Question: Find the longest words that share letters with only 49 of the 50 U.S. states. Extra: find the state with the most such words.
Solution
The straightforward approach to this puzzle is to loop over the list of $200000+$ words and then loop over the list of $50$ states to check if they have any letters in common, which is on the order of $N_\text{word}N_\text{state}\langle \ell_\text{word}\rangle\langle \ell_\text{state}\rangle$ character comparisons to make.

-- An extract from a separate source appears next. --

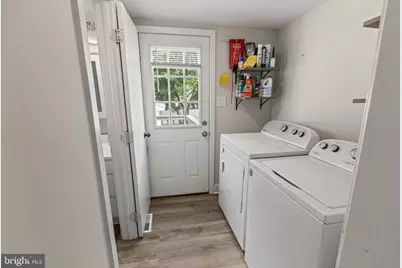 425 Florence Avenue, Pitman, NJ 08071 - Photo 27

The only interesting idea here is to make a “typewriter” (the dictionary letter_state
) that maps directly from letter to a $50-$entry vector the encodes which states the letter appears in. This cuts out the factor of $N_\text{state}\langle \ell_\text{state}\rangle$ from the main loop. It’s simple to build, we just loop over the list of states and record when they contain a letter in the dictionary by adding the $1$-hot vector $\left(0 \ldots j \ldots 0\right)$ where $j$ is the number of the state.
import string
from collections import defaultdict
alpha_num = dict()
alpha = string.ascii_lowercase
for i in range(len(alpha)):
alpha_num[alpha[i]] = i
letter_state = defaultdict(lambda: np.zeros(50))
for i in range(50):
for ltr in states[i]:
letter_state[ltr] += np.array([1 if j == i else 0 for j in range(50)])
At the end of this, we’re left with a map $f(\textrm{letter})\rightarrow \{0,1\}^{\otimes 50}$ from letters to vectors $\mathbf{s}_\textrm{a}, \ldots, \mathbf{s}_\textrm{z}.$
With that in hand, we just loop over the words and sum the vectors for each letter:
\[\mathbf{s}_\text{tatertot} = \mathbf{s}_\text{t} + \mathbf{s}_\text{a} + \mathbf{s}_\text{e} + \mathbf{s}_\text{r} + \mathbf{s}_\text{o}.\]If all but one of the entries in $\mathbf{s}_\text{tatertot}$ are non-zero, then $\mathtt{tatertot}$ is a “mackerel”. Accumulating each “mackerel” by the state it is a mackerel for:
mackerel_states = defaultdict(lambda: 0)
for word in word_list:
word_vec = np.zeros(50)
for ltr in word:
word_vec += letter_state[ltr]
zero_idx = np.where(word_vec == 0)[0]
if len(zero_idx) == 1:
mackerel_states[zero_idx[0]] += 1
and accessing the most flagrant state by how mackerel-full it is, states[max(mackerel_states, key=mackerel_states.get)]
, we get $\texttt{ohio}$ which has $11342$ mackerel words.
Reverse-sorting the word list by word length, we can quickly find that the longest mackerels are $\texttt{counterproductivenesses}$ which is mackerel for Alabama, and $\texttt{hydrochlorofluorocarbon}$ which is mackerel for Mississippi, both of which have $23$ letters.
The code takes a total of $\approx3.5\, \textrm{s}$ to run.